Dr. Amanda Waters was hired as the first Multicultural Specialist at CMHS in August 2015, Counseling and Mental Health Services Director Elizabeth Cracco said. Waters has research interest in cultural humility and will collaborate with CMHS staff in order to widen the availability to support diverse students, Cracco said.
“There is robust literature related to the intersection of mental health and privilege ranging from the impact of racism on well-being to access to mental health care and stigma around help-seeking,” Cracco said.
In the past CMHS has worked with cultural centers and has a desire to be more knowledgeable with issues in diversity and privilege, she said. The hiring of Dr. Waters is a step towards assessing the needs of diverse students by creating services and development among the CMHS staff, Cracco said.

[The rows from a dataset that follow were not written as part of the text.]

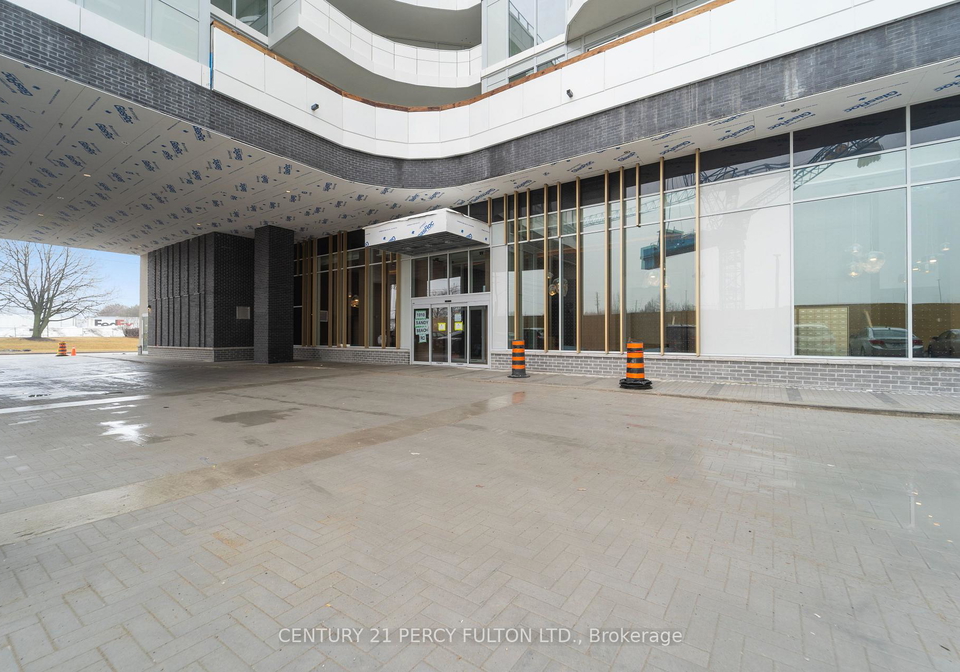 1010-sandy-beach-road-pickering-ontario-e12859964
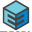 Europa Logistics sp. z o.o.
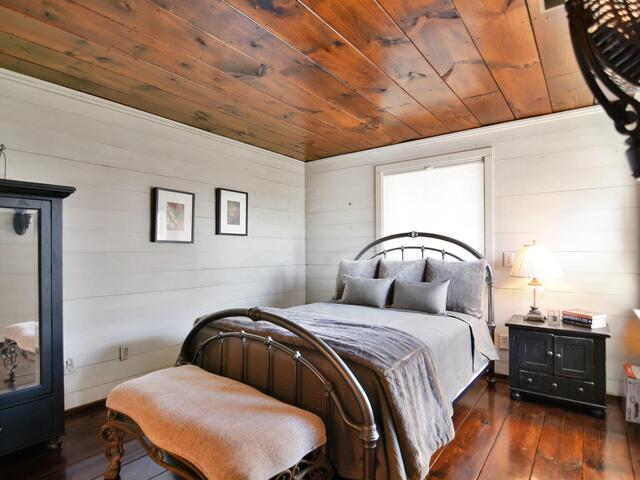 Photo of 126 COLUMBINE Way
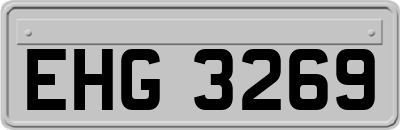EHG3269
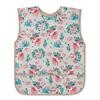 1642/02 Apron FOREST - BABYONO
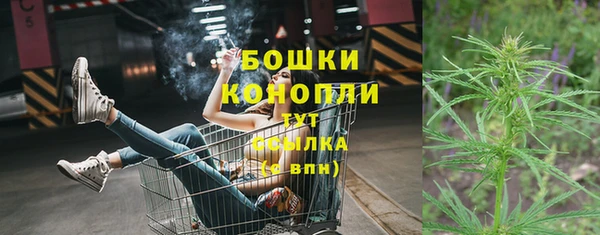 прущие крисы Горнозаводск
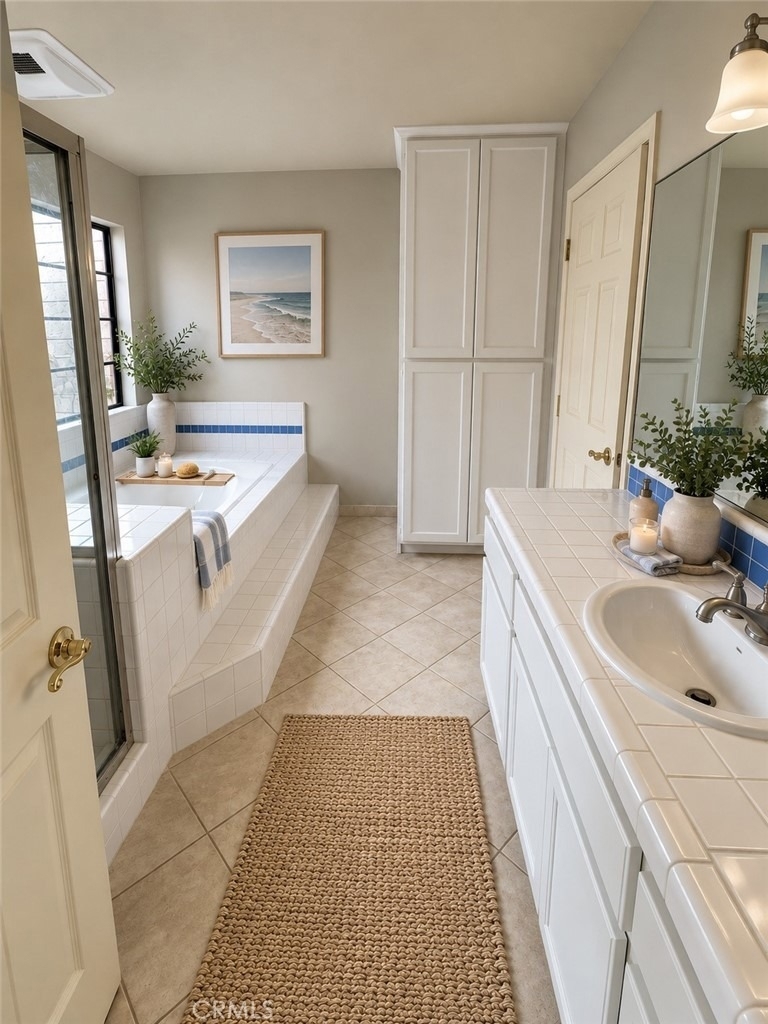 2217 Mathews - Photo 10
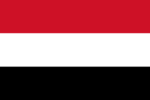 250px-Flag_of_Yemen_svg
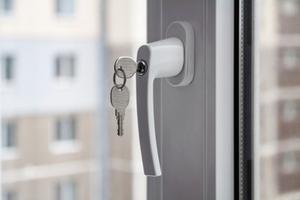 Read more about the article Are Your Windows Secure Enough to Keep Intruders Out?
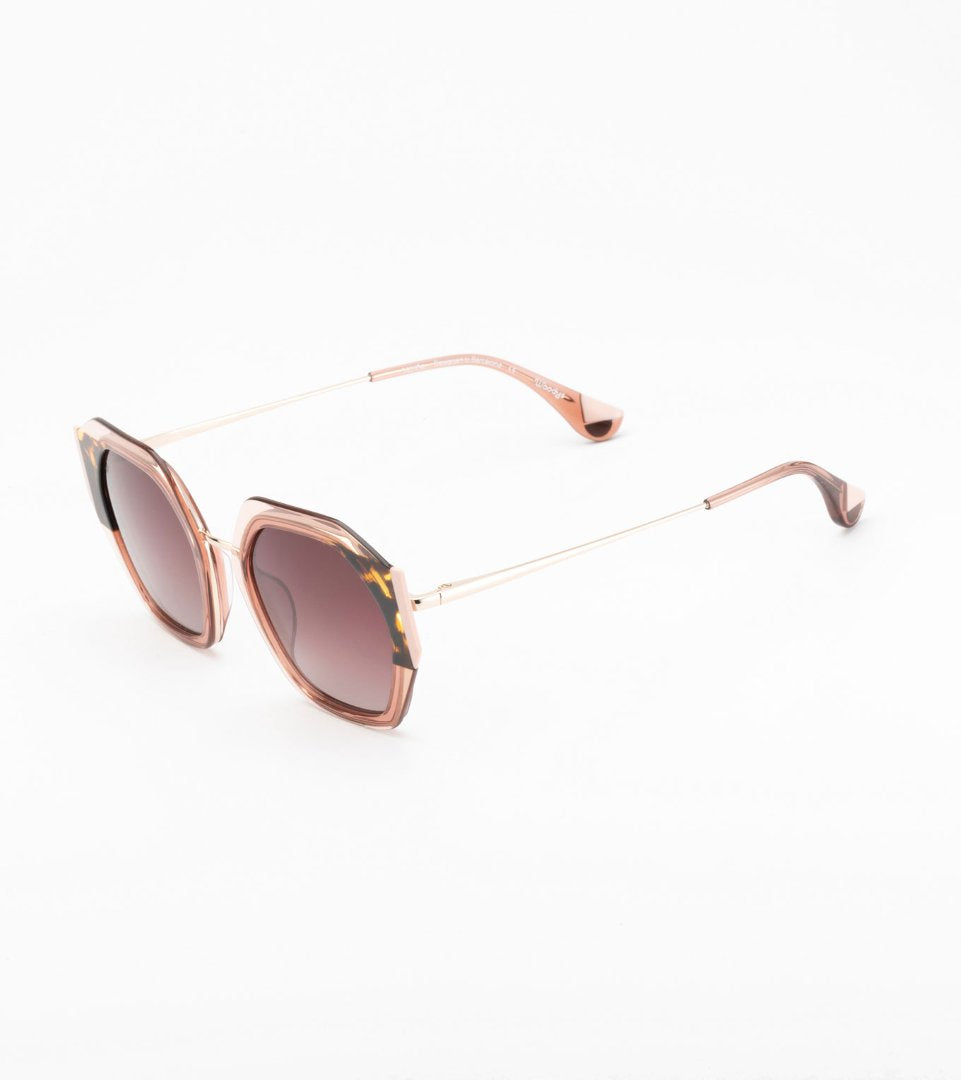 Woodys ARIADNA02 SUN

“CMHS has historically grounded our work in a holistic biopsychosocial model, that considers students’ social context as an important contributor to mental health,” she said. “In that sense, talking about things such as family systems, relationships, and larger social forces related to power and privilege are a hallmark of conversations we would have at CMHS.”
While CMHS numbers are reflective of the UConn population, research has shown that students of color may be less likely to seek treatment, Cracco said.
“Recently, the Jed Foundation, leaders in college mental health, along with the Jordon Porco Foundation conducted a national survey of first-year students,” she said. “[They] found that students of color were more likely than white students to keep feelings about the difficulty of college to themselves.”
The Jordan Porco Foundation is a mental health organization based in Hartford, Connecticut that was founded in 2011, according to the Jordan Porco Foundation website. CMHS has worked with this foundation for five years, Cracco said.
The survey results were released in Oct. 2015 and showed that 65 percent of the students surveyed preferred to keep their feelings to themselves, according to the Jed Foundation press release. The survey also showed that 75 percent of African-American students are more likely to keep their feelings to themselves compared to 61 percent of their white counterparts, according to the press release.
The survey results confirms the belief that one-size fits all mental health care will not sufficiently serve the needs of UConn students, Cracco said
“All the support and education we provide at CMHS must be culturally attuned,” she said. “There is an ongoing process of challenge and growth on the part of our professionals to work toward that goal.”